### Exercise description:
For the entries below, the expected answer is the line with "HDAnywhere 8K Ultra", the line with "Σετ Κρεβατοκάμαρας Arco", and every line between them, exactly as written, and nothing more.

### Data records:
↓↓↓

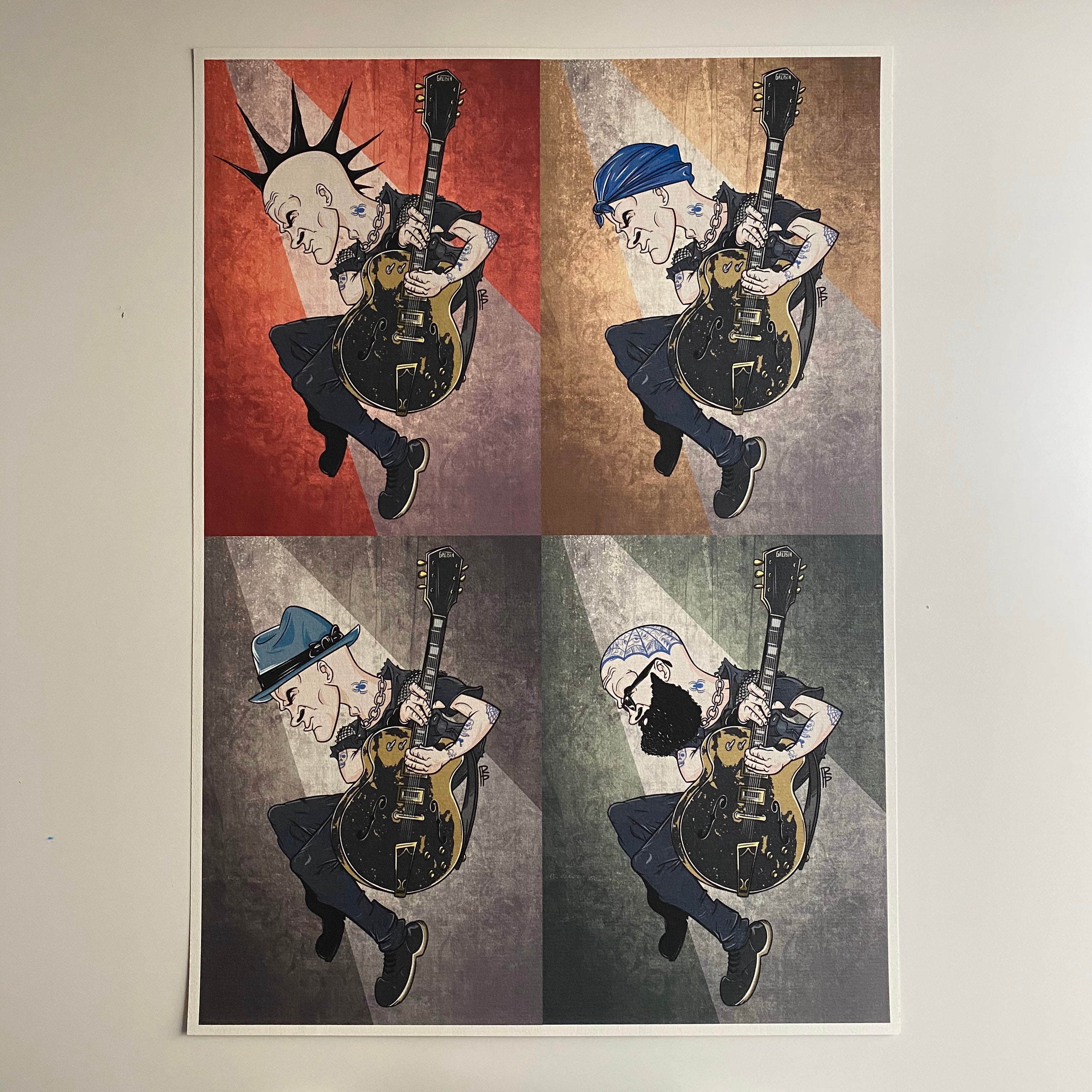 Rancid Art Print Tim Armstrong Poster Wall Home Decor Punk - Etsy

↑↑↑
↓↓↓

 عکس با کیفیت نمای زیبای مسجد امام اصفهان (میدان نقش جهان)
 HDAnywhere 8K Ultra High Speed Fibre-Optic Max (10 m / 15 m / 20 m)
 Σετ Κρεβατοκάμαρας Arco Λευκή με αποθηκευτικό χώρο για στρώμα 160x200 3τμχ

↑↑↑

### Answer to the problem:
 HDAnywhere 8K Ultra High Speed Fibre-Optic Max (10 m / 15 m / 20 m)
 Σετ Κρεβατοκάμαρας Arco Λευκή με αποθηκευτικό χώρο για στρώμα 160x200 3τμχ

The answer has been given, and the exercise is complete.